A reader notices that the credit card companies are rapidly reducing the amount of credit available to their more conservative cardholders.
My husband and I run a small business and have noticed an unusual practice by credit card companies over the last 4-5 months.
Our business is seasonal, and during our ramp up in from February to April, we usually max out 6 cards on supplies and improvements for the coming season. And then the profits from May and June pay those down, before we start making real profits July-October. We’ve been doing this for over ten years, and typically the result of the max-out and quick pay down has been an increased credit limit.
This year, as we have started the pay down, each large pay down amount, say $2000 on a $10,000 card for example, has come with a credit limit reduction of 50% – 100% of the amount paid. One card, upon paying it off in whole dropped from $2500 to $350 as the limit.
We have no personal reasons that our limits in particular would be getting slashed after so many years of increases. So I am wondering if this is a systemic attempt to use debt deflation to slow the rate of inflation without further interest rate increases.
More generally, if what I’m seeing is systemic, is this a correct understanding of debt deflation?
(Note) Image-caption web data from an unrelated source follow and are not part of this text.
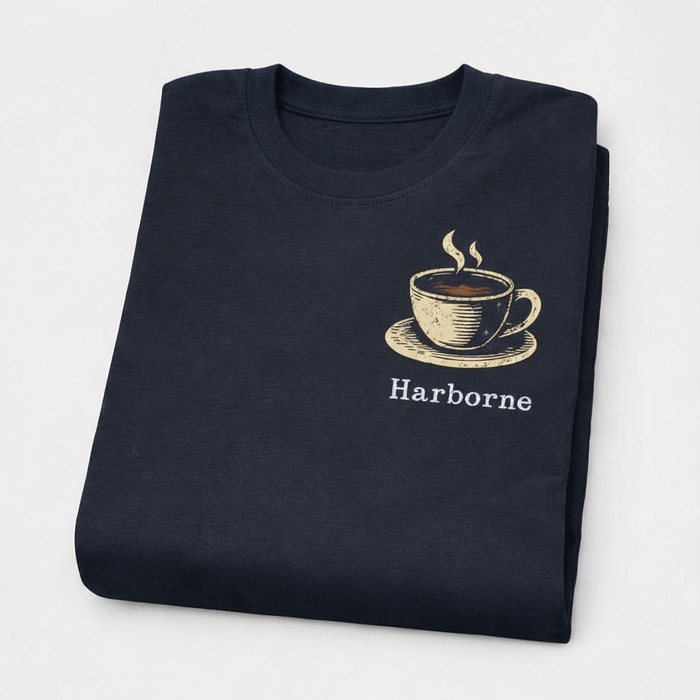 Harborne - T-Shirt - Bold Indie Design - Coffee Cup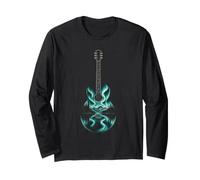 Guitar Northern Lights Mountain Nature Guitarist Gift Long Sleeve T-Shirt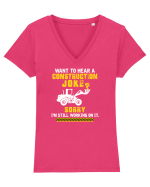 Joke under construction Tricou mânecă scurtă guler V Damă Evoker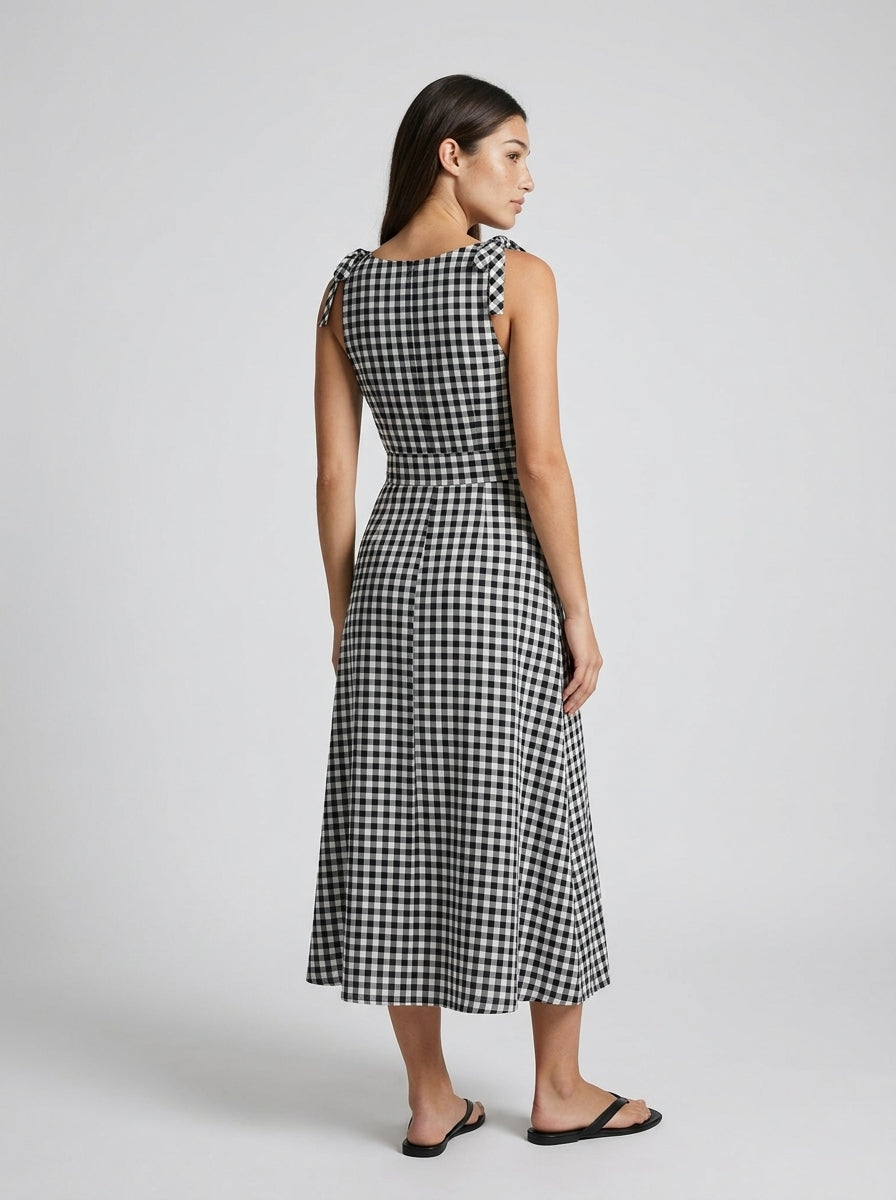 Fabienne Gingham Round Neck Sleeveless A Line Midi Dress in Black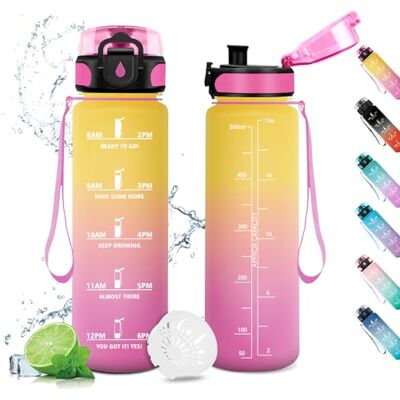 KollyKolla Trinkflasche 500ml, Sport Trinkflasche Kohlensäure Geeignet, Wasserflasche Auslaufsicher,Fahrrad mit Zeitmarkierung und Filter, für Kinder, Outdoor, Camping, Büro, Sport, Fitness KollyKolla Trinkflasche 500ml, Sport Trinkflasche Kohlensäure Geeignet, Wasserflasche Auslaufsicher,Fahrrad mit Zeitmarkierung und Filter, für Kinder, Outdoor, Camping, Büro, Sport, Fitness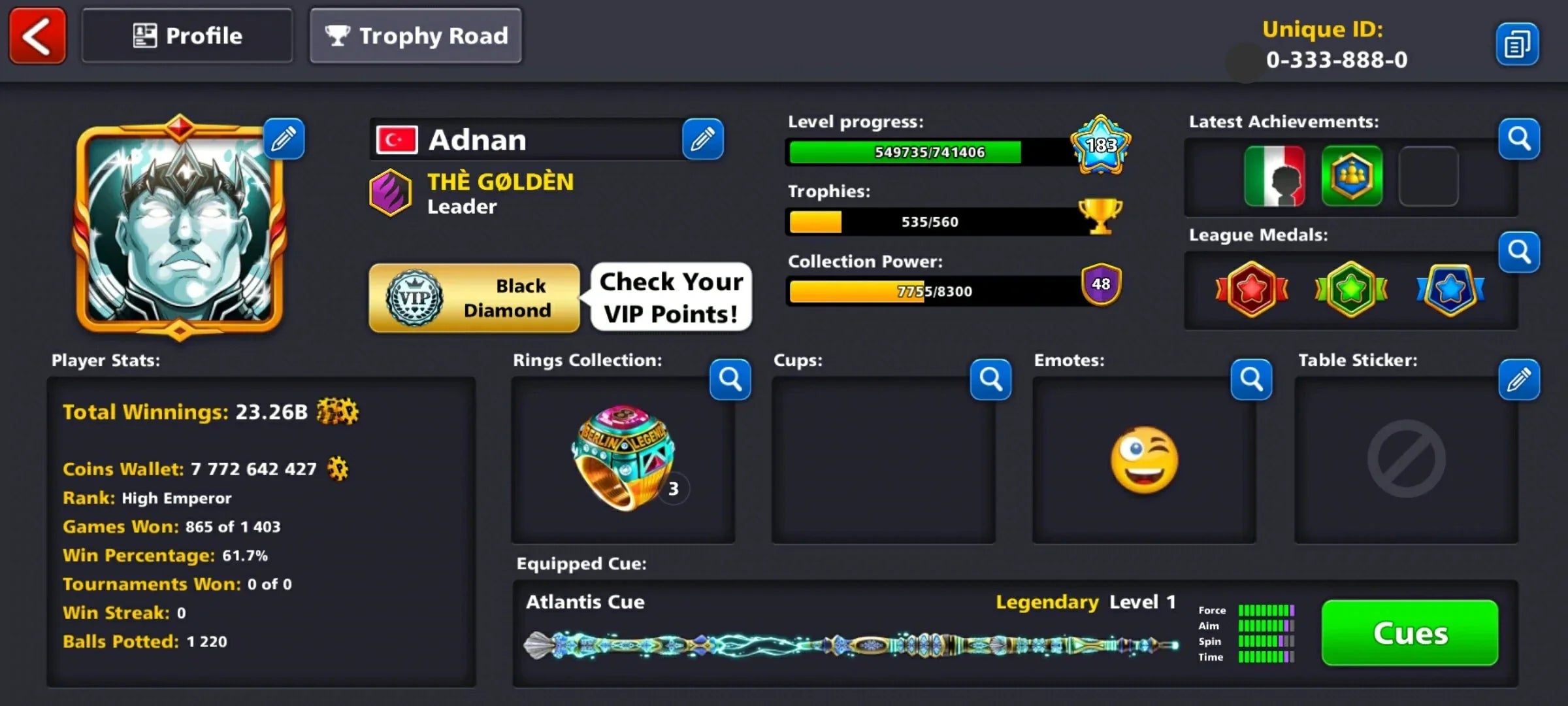 7.7 Billion Coins 2 Maxed Cues & 13 Legendary | Black Diamond 8 Ball Pool Account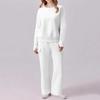 Women's 2-piece Casual Round Neck Sportswear Suit Loose And Fashionable Wide-leg Multi-pocket Sports Pants Suit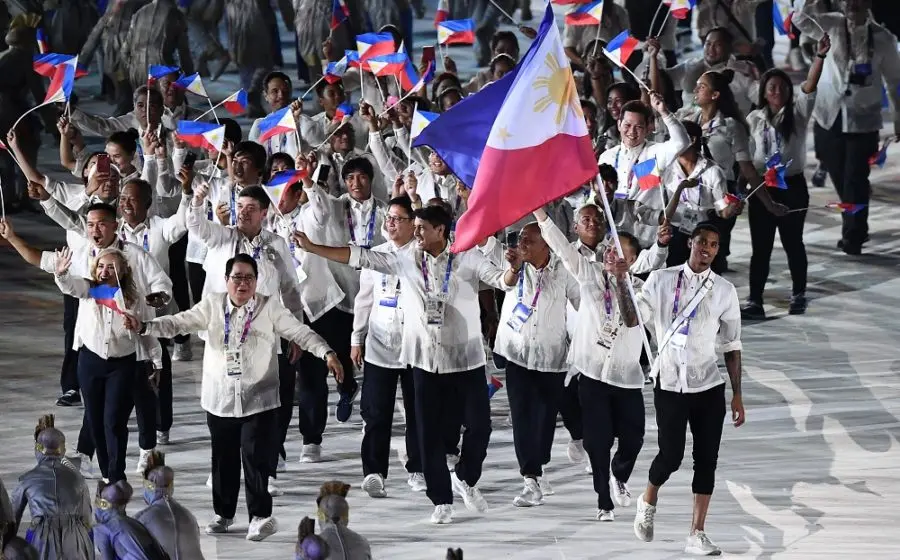 Flag bearer Jordan Clarkson of the Philippines leads delegation during the opening ceremony of the Asian Games 2018 at Gelora Bung Karno Stadium on August 18, 2018 in Jakarta, Indonesia.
This is 100 percent debt deflation. And in some ways, it’s more worrisome than the leadup to the 2008 contraction. Whereas in 2008, there was a dearth of people willing to borrow, now it is apparent that the banks simply can’t afford to offer the credit if there isn’t a sufficient amount of interest to be gained.
Which suggests that the 2024 credit cruch and subsequent financial institution failures will be bigger and more consequential than we witnessed in 2008. It’s even possible that the federal government will not be able to bail out most of the failing institutions.
I had something similar happen to me during the 2007/08 financial crisis. At the time, I had a high-limit credit card on which I was carrying a large balance. Out of the blue, when I made a large payment to reduce the balance, my credit limit was slashed by more than 50%, to equal the remaining balance. When I protested, the card issuer informed me that they were reducing everybody's credit limit "due to the financial crisis", despite the fact that I'd never defaulted on a payment and was in good financial health. They then informed me that I would lose my favorable interest rate and have to pay a greatly increased one on my outstanding balance, and would be required to further reduce my balance within a few months. I closed my account rather than adhere to their ridiculous restrictions.
Unfortunately, it looks like more than a few people today are encountering similar policies. Apart from Vox's correspondents, I've heard similar reports from at least a dozen sources. If credit card issuers are being that cautious and restrictive, what does that say about their perspective on current and future economic conditions? They're clearly preparing for something not very good. Shouldn't we do likewise?
Food for thought. I can only suggest that we all take these factors into account now, while we may still have some financial "wiggle room".